*DATA RECORDS*.
* * *
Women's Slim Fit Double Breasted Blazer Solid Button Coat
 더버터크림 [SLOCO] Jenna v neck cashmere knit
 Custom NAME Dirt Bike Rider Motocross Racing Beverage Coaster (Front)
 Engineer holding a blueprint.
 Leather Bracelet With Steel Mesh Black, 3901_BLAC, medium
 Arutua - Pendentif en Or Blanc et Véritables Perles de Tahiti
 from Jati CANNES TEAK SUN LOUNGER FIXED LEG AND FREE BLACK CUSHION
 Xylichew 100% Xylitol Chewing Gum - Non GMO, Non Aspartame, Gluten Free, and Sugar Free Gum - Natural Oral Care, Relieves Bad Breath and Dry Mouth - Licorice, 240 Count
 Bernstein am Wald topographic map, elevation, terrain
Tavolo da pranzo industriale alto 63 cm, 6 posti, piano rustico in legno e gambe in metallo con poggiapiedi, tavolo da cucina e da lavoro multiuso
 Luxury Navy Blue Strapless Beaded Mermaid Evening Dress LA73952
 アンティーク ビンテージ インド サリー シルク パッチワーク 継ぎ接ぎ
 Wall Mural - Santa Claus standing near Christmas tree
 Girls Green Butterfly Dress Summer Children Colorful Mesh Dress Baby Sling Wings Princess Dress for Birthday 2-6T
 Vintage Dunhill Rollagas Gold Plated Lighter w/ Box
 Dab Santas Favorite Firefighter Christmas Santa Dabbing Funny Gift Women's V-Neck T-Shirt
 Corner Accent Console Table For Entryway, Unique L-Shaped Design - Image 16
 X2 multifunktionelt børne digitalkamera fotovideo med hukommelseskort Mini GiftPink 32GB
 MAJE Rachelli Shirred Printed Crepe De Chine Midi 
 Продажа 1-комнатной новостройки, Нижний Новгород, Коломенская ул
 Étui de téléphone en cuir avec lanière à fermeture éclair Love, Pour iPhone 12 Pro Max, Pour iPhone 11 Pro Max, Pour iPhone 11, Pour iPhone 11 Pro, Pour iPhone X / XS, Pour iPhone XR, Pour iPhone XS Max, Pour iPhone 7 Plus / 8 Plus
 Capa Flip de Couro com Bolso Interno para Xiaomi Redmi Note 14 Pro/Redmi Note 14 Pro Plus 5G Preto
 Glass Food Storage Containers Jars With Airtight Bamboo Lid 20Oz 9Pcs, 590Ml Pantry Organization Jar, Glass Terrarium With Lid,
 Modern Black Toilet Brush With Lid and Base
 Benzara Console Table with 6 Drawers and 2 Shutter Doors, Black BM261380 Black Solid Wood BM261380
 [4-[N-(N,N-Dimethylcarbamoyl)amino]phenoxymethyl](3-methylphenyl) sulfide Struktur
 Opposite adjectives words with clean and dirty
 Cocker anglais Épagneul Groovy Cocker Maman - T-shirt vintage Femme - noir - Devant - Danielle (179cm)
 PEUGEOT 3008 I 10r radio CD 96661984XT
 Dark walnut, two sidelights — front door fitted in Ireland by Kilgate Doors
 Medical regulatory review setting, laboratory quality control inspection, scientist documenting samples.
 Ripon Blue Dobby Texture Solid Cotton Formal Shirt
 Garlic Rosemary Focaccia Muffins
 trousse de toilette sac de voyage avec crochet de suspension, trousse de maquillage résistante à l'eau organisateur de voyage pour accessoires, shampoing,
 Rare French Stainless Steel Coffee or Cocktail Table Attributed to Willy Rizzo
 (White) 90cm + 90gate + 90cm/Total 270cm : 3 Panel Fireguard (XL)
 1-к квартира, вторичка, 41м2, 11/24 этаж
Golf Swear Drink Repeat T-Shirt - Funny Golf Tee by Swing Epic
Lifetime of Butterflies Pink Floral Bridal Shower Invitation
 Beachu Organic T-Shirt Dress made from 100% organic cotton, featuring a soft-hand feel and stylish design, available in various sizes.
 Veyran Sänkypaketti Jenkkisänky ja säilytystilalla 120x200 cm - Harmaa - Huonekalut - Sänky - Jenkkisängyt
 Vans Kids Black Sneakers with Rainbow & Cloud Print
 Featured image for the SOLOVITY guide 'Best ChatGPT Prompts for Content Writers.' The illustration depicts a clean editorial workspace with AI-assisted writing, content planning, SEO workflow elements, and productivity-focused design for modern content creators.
* * *
*WHAT IS REQUIRED*.
Please reproduce, exactly as written, the lines of the records from the first line through the one containing "Arutua - Pendentif".

*SOLUTION TO THE EXERCISE*.
Women's Slim Fit Double Breasted Blazer Solid Button Coat
 더버터크림 [SLOCO] Jenna v neck cashmere knit
 Custom NAME Dirt Bike Rider Motocross Racing Beverage Coaster (Front)
 Engineer holding a blueprint.
 Leather Bracelet With Steel Mesh Black, 3901_BLAC, medium
 Arutua - Pendentif en Or Blanc et Véritables Perles de Tahiti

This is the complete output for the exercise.